Representative imageBCCL
  • China is reportedly moving back from its position along the Line of Actual Control in the Eastern Ladakh’s Galwan Valley.
  • The Indian Army is keeping a cautious eye out as many Chinese heavy armoured vehicles remain in some of the deeper areas of the Galwan Valley.
  • This the first sign of de-escalation between India and China since the violent clash of June 15.
The Chinese troops have started to move back from the site of the June 15 clash between India and China in Eastern Ladakh’s Galwan Valley area. However, Chinese heavy armoured vehicles are still present in some of the deeper areas of the Galwan Valley as the Indian Army continues to monitor the situation with caution.

These are the first steps of disengagement in-line with what was agreed upon during military-level talks on June 30. The People’s Liberation Army (PLA) have shifted their tents, vehicles and troops back between one to two kilometres from the site of the June 15 clash, the wire agency ANI reported citing Indian Army sources.

Officials told the Hindu that temporary structures are in the process of being removed by both sides, and that a physical verification has been conducted. The June 15 clash between India and China left 20 Indian soldiers dead and an undisclosed number of Chinese casualties.

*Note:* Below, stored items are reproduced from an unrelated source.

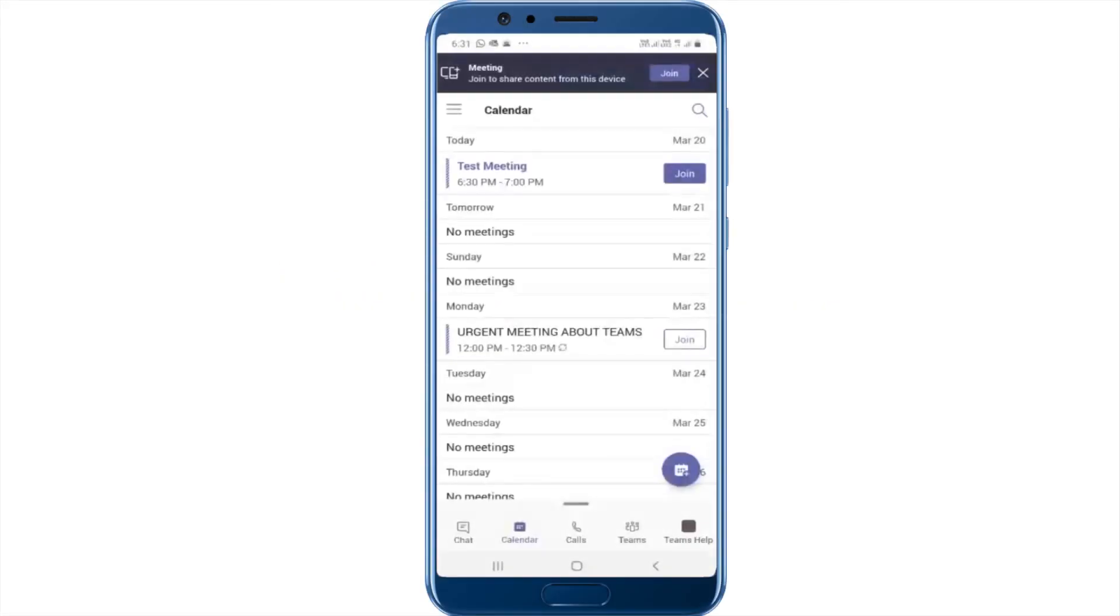Hello everyone, welcome to Microsoft Teams. In this video, we will learn how to schedule a meeting from the Teams mobile app.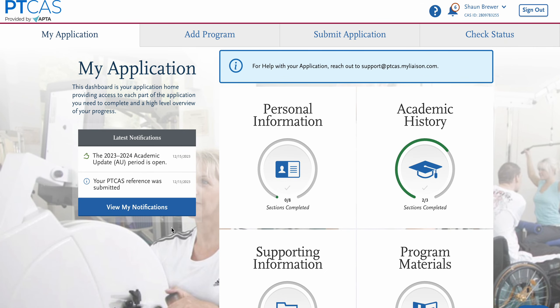All right, good morning, Pre-PT Nation. We have another tip request question asking about the most effective way to complete the description in the experiences section of PTcast.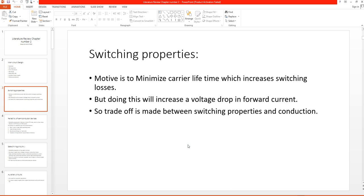A trade-off is made between switching properties and conduction properties. We need to minimize carrier lifetime because when we are turning off the switch, due to carrier lifetime it remains on for a particular time, which is not desirable. In order to minimize that reverse recovery, we have to decrease the carrier lifetime. However, decreasing carrier lifetime increases the voltage drop in forward current. So there is a trade-off: you can either compensate for carrier lifetime or compensate for switching losses.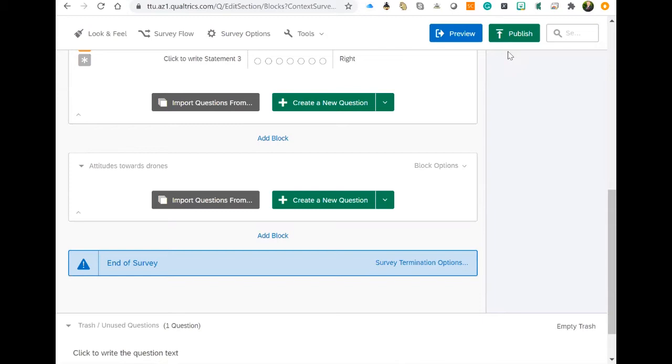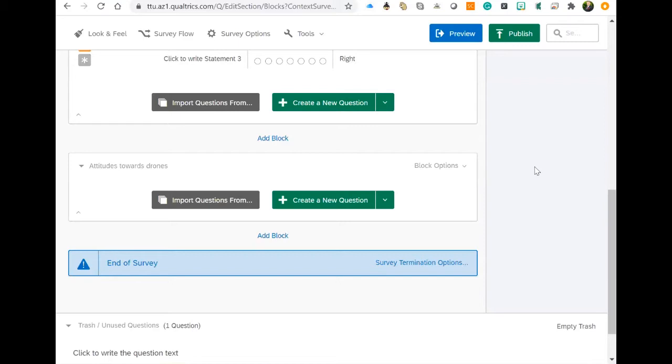Each block will start a new page for your participants, making sure they're moving through the survey and not scrolling down a very long page. That would be annoying if you had, say for instance, 20 questions—they'd have to scroll down a very long page to finish. It's better if they go to different pages by adding these blocks.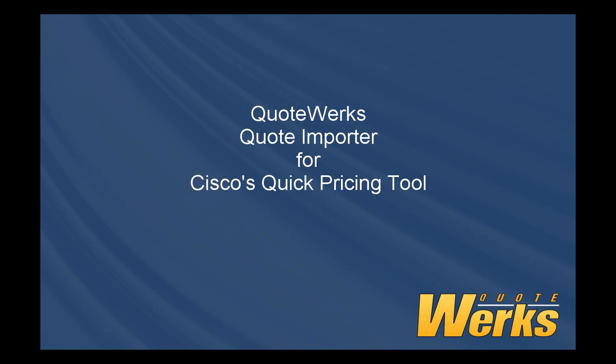The combination of Cisco's Quick Pricing Tool and QuoteWorks reduces the quoting process to just minutes rather than days working with teams of people, freeing up both pre-sale and post-sale resources.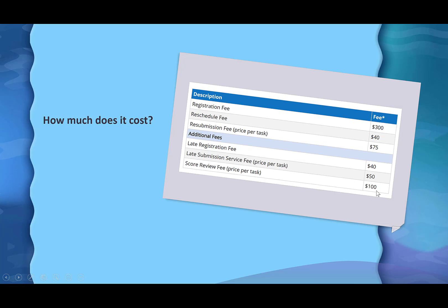There will always be some kind of processing fee when you register or if you use a credit card. There are also fees for rescheduling: switching from fall to spring is $40; resubmitting a failed task is $75; registering late is $40; and submitting any task late is $50. So you want to make sure that you register on time and turn in all your items on time. The minimum total is $700.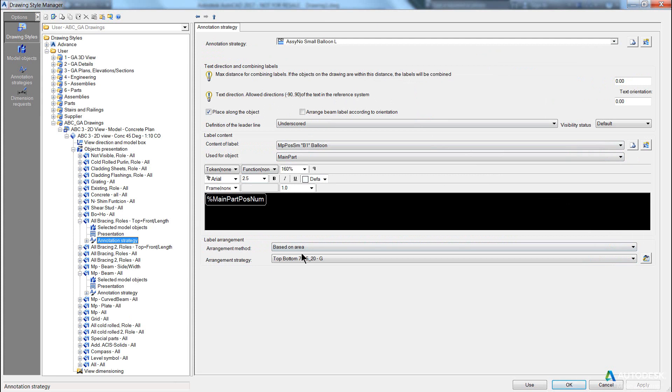Now, your annotation strategies can be edited from here, or over here on the left pane, you can also edit the annotation strategy.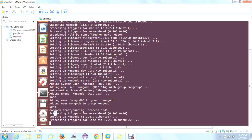The MongoDB server is already started on port 27017. So we need not start the server again. Directly, we can start the Mongo client and interact with it.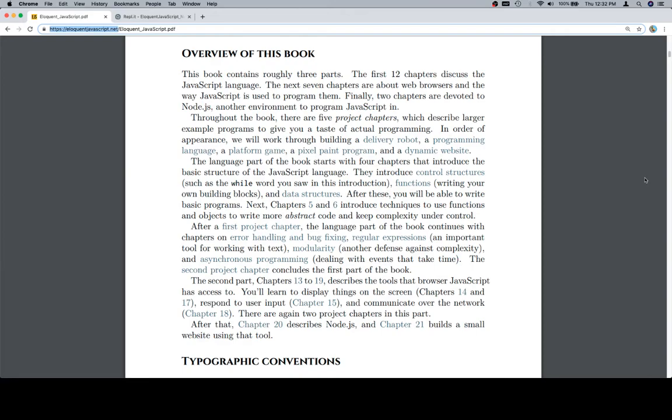Throughout the book, there are five project chapters which describe larger example programs to give you a taste of actual programming. In order of appearance, we will work through building a delivery robot, a programming language, a platform game, a pixel paint program, and a dynamic website.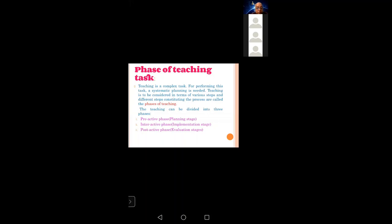I am going to talk about the phases of teaching tasks. The phases of teaching tasks are: first, the pre-active phase — the planning stage; second, the interactive phase — the implementation stage; and third, the post-active phase — the evaluative stage.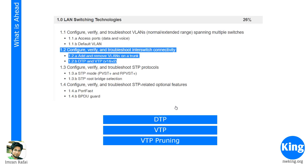Today we're continuing from the last video with ICND2, following the Cisco ICND2 exam topics. Last time we looked at 1.1; this video we're going to look at 1.2 — that is configure, verify, and troubleshoot inter-switch connectivity: add and remove VLANs on a trunk, DTP, and VTP version 1 and version 2.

15 days later, during the June 30 meeting, four friction points were identified by the Indian side — Galwan Valley, the Gogra Post, Hot Springs and Pangong Tso.

The discussions were led by Lieutenant General Harinder Singh, commander of the Leh-based 14 Corps, and Major General Liu Lin, commander of the South Xinjiang military region. The two first met on June 6 and then again on June 22 in Moldo on the Chinese side of LAC after border tensions erupted between both the countries in May. This time the meeting was hosted on the Indian side of the border in Chushul.

At the time, India was set to remain in place for the long haul leading up to the winter months that would reportedly make the Chinese positions tenable.

The news of troops moving back comes after Prime Minister Narendra Modi recently visited the troops in Ladakh. “The enemies of India have seen your fire and fury,” he told the troops thanking them for their service.